I used to be a waiter at a fancy steakhouse in town. It was about a thousand years ago (of course, I exaggerate!). It was probably two or three hundred years ago.
A waiter is the last thing I should have been or contemplated being. I really don’t like waiting on anything: not birthdays; not Christmas; not even a bus. I don’t like waiting for taxes to decrease or for politicians to take a cut in their wages or pensions.
I hate waiting in lines at the checkout counter in the supermarket…at the post office…at the bank (especially the bank!). It’s not only frustrating, it’s downright embarrassing (some call it “senior moments”) .
I was standing in a line at the bank some time ago. The line was long and I must have stood there for 15 minutes. I was finally nearing my goal when I suddenly realized I didn’t have any money in the bank. All of my money – all $17.42 – was safely tucked in a sock in my sock and underwear drawer at home. I not only don’t know why I was standing there in line, I don’t know how I ended up in the bank, in the first place, especially since I’d never dealt with that particular branch in my life!
When I was a waiter in those days of yore, I was paid $1.25 an hour. But the tips were sometimes astronomical; so good that a literal kick in the pants by the man in charge was tolerated. He was a gentleman, though. He’d wait until I was just entering the kitchen with an order – well out of sight of the ritzy diners – when he would hiss “faster, faster, move faster!” Often, I wanted to stop and see if I could pound him into mush, but then I’d remember the very large tips and move “faster.”
I was married with a child, at the time, but to get the job as a waiter, I had to work as a busboy for a month. I had to wait to be a waiter.
We waiters wore tuxedos so we would look “classy” but I doubt I ever did. I got my tux at the Salvation Army Thrift Store and it had, I’m sure, seen better days. But the restaurant I waited in had subdued lighting and hid most of my tux’s flaws, as well as my own – including speed. But I was determined to grin and bear it as greed often insists on being one’s companion. And we, greed and I, at the time, were very close.

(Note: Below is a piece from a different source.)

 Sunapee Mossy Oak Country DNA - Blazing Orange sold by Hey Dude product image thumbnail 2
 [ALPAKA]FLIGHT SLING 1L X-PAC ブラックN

I think I was a pretty good waiter, no matter what the manager may have thought. Although, when I had to do flaming dishes at the customers’ table, I was kind of nervous – as were the people I was serving and anyone within a 15-foot radius. I noticed that the hostess always her hand on the phone when I was performing this doubtful service. More waiting – waiting to see if all concerned would survive.
That was the one and only time I was a waiter but not the only time I have waited. I’ve waited for Santa Claus, as a child, and waited while I worked and saved money to buy my first bicycle. I waited to see if I would pass from one grade to the next during school, and I waited for my dad to get home to punish me for one of my many misadventures (“Just wait until your father gets home!”).

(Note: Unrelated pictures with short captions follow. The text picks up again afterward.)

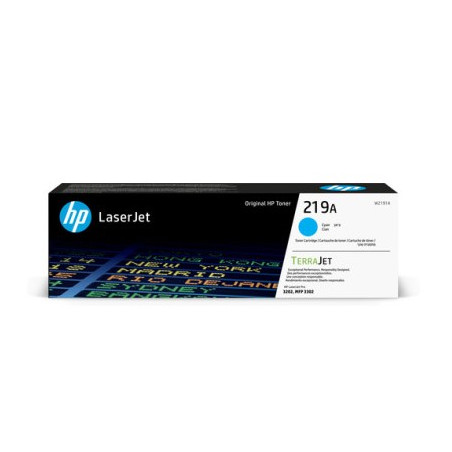 Toner hp laserjet 219a 1200 pagine ciano [w2191a]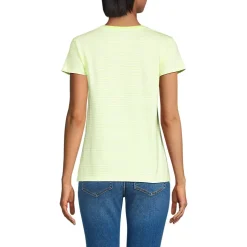 Women's Supima Cotton Short Sleeve Scoop Neck Tee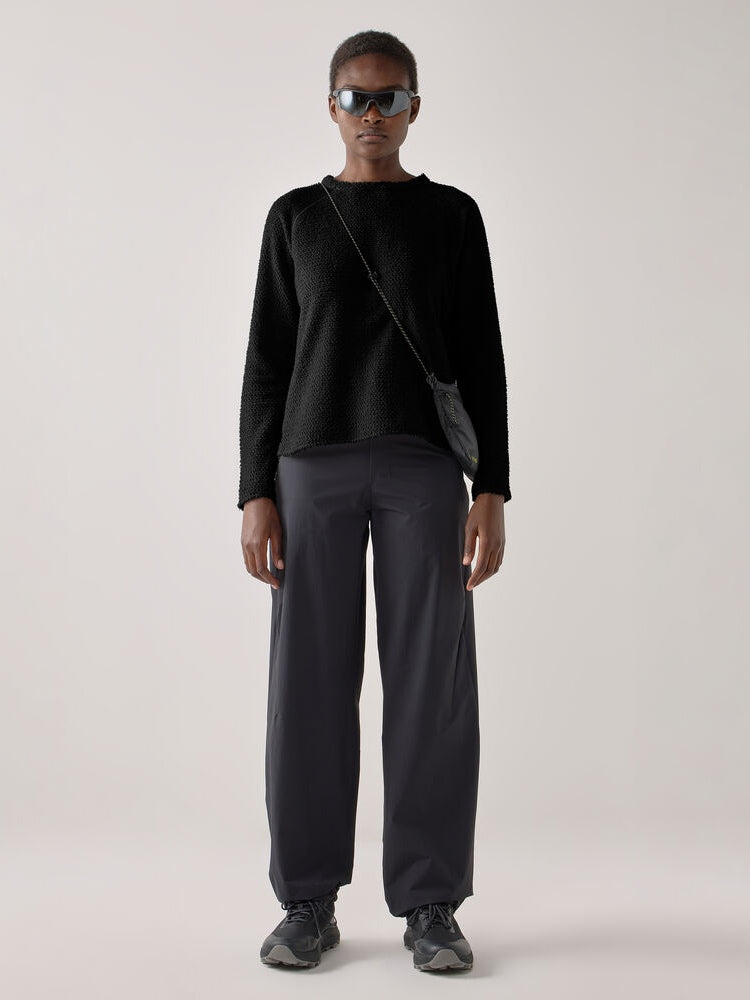 Bluza damska HAGLÖFS Vara Alpha Sweater True Black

I, like you, have waited in line at the movie theatre, sporting events, and any other thing that waiting in line demands. It seems to me waiting is one of the first things we learn just after birth – waiting to be changed, waiting to be fed, and so on.

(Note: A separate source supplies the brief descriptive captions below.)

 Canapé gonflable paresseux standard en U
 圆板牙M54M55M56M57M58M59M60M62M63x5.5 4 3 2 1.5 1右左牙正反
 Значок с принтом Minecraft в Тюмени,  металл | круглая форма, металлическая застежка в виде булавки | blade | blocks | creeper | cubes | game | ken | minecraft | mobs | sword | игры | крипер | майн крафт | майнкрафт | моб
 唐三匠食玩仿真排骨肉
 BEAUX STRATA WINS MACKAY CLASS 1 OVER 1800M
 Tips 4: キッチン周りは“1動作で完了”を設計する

Some people are good at waiting. Some even spectacular – like Nelson Mandela waiting to be released from prison or Dagwood and Blondie waiting for their kids to become adults and give them grandchildren.
Some accept the inevitable and stand in line. As for me, I hate waiting, but am resolved that no matter how much I complain, I’m still going to have to wait for most things that make the world go ‘round.
But I think the true awareness came when I was a waiter at that fancy dining establishment and a fellow human actually kicked me in the pants and told me to go faster. That was the first time I ever went fast to “wait.”
Oh well, just wait! Tomorrow may be different. That’s what some people say; easy for them when we’ve got no choice. Today’s waiting on tomorrow and tomorrow’s waiting on the day after that and so on. But with man’s ingenuity, he will figure out a way to abolish waiting. I know he will. You just wait and see!